§ Task requirements
Your answer should reproduce every line of the material in which the word "Indian" occurs.

§ The data

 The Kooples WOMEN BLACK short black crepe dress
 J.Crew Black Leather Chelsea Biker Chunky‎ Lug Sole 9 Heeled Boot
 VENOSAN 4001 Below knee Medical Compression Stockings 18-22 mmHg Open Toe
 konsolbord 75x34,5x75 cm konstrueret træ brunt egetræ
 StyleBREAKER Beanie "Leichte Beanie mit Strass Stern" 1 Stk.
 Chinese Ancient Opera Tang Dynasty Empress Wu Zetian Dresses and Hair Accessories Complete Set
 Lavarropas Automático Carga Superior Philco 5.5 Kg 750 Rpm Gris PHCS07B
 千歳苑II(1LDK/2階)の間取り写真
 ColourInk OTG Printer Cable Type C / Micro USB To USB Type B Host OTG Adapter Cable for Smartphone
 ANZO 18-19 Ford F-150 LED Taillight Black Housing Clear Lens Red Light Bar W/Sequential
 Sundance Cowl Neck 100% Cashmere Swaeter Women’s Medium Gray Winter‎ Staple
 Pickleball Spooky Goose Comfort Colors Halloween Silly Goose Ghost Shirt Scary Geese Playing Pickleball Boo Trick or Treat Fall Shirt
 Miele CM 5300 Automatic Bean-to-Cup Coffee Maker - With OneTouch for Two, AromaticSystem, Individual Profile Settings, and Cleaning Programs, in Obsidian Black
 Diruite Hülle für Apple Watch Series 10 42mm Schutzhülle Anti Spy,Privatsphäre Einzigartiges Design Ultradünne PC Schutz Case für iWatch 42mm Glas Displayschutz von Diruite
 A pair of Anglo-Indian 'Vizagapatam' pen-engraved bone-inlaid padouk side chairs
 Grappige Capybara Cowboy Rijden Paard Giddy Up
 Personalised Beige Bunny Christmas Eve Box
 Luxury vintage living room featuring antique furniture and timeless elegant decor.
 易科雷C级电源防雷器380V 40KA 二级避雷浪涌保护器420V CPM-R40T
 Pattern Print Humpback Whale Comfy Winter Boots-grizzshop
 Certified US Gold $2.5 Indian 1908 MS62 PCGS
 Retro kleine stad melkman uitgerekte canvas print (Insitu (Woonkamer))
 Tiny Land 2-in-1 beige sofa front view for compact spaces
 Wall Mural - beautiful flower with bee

§ Solution to the problem
 A pair of Anglo-Indian 'Vizagapatam' pen-engraved bone-inlaid padouk side chairs
 Certified US Gold $2.5 Indian 1908 MS62 PCGS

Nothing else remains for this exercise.